Era com gargalhadas que lhe respondiam a tão insultuosa loucura.
Ela cresceu e se fez robusta por trás daquelas grades, rebentaram-se as correntes e num impulso trouxe para fora aquele corpo nú, coberto de pancadas dos saques sem escrúpulos, seus olhos mergulhado numa catarata provocado pela venda que lhe foi colocada tão apertada da ignorância enfiada na sua mente, ela era a mais confusa entre as meretrizes.

Liberta-me!
Liberta-me!
Vista-me de liberdade!
Eram esses os seus gritos.

Depois da liberdade, aqui fora, vestia-se como aquele que a despiu da sua língua, queria ser chamada de lusófona, e do Luso ser a querida.

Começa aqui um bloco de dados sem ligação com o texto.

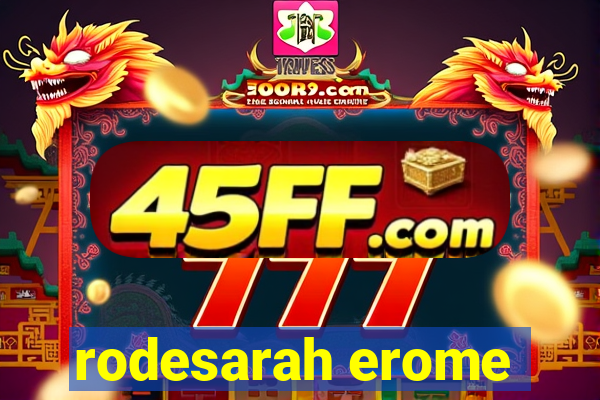 rodesarah erome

Colava os pedaços de carne que seu corpo caiam, mas seus filhos estavam famintos e ela mais confusa, arrancava a própria medula, chupava os próprios ossos e servia para si um prato de miséria ao luar dos dias desgraçados por onde deixava a ganância daqueles vermes crianças não preparadas para a bonança recostarem as nádegas barulhentas, agora afortunadas.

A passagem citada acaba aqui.